Depuis sa nomination en juin 2024, Daniel Mukoko Samba a engagé plusieurs réformes majeures qui témoignent d’une volonté claire de redresser l’économie nationale et de protéger le pouvoir d’achat des Congolais. Son ministère a multiplié les concertations avec les importateurs, les producteurs et les distributeurs afin de contenir la hausse des prix des produits de première nécessité.
Sous sa conduite, des mesures de rationalisation ont permis à l’État de réaliser d’importantes économies. Il a également lancé la réforme organisationnelle de son ministère, mis en chantier une politique sectorielle de l’économie nationale, initié l’identification des opérateurs économiques et renforcé le contrôle économique pour lutter contre la spéculation sur les marchés.
Sur le terrain, le Vice-Premier ministre a effectué plusieurs missions dans les provinces pour identifier les opportunités d’investissement et promouvoir le développement des secteurs productifs. Il défend une vision fondée sur la diversification de l’économie, l’industrialisation et la transformation locale des ressources naturelles, notamment à travers le renforcement des partenariats internationaux.
Ces actions sont publiques, documentées et connues de tous ceux qui suivent l’actualité économique du pays.

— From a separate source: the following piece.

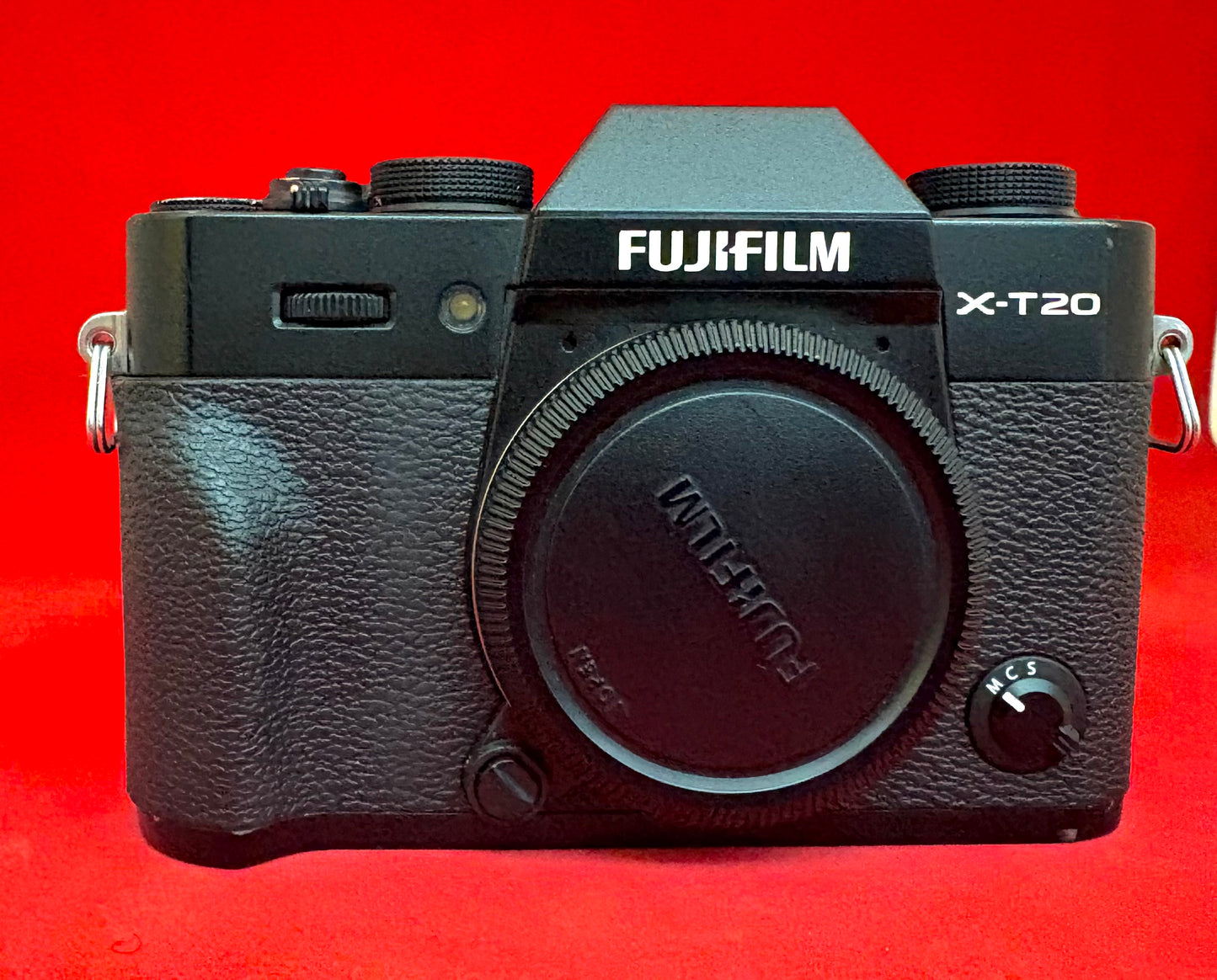 Fujifilm X-T20 Mirrorless Digital Camera Black, Body Only (used)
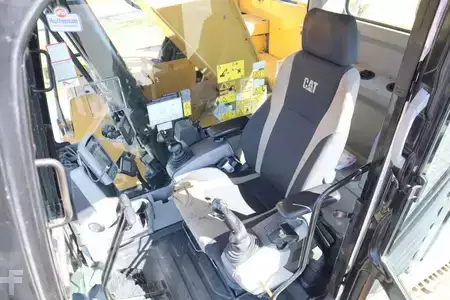 Rupsgraafmachines 2018 Caterpillar 325 F LCR | ROTOTILT | BUCKET (16)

Les ignorer ou prétendre qu’elles n’existent pas relève davantage de la posture politique que d’une analyse objective.
La population congolaise mérite un débat politique sérieux, fondé sur des réalisations concrètes et des propositions alternatives, plutôt que sur des attaques gratuites. Critiquer est un droit, mais la crédibilité d’un élu se mesure aussi à sa capacité de reconnaître les faits avant de porter un jugement.
L’intérêt supérieur de la Nation exige un débat responsable, respectueux de la vérité et centré sur les solutions aux défis économiques auxquels fait face la République démocratique du Congo.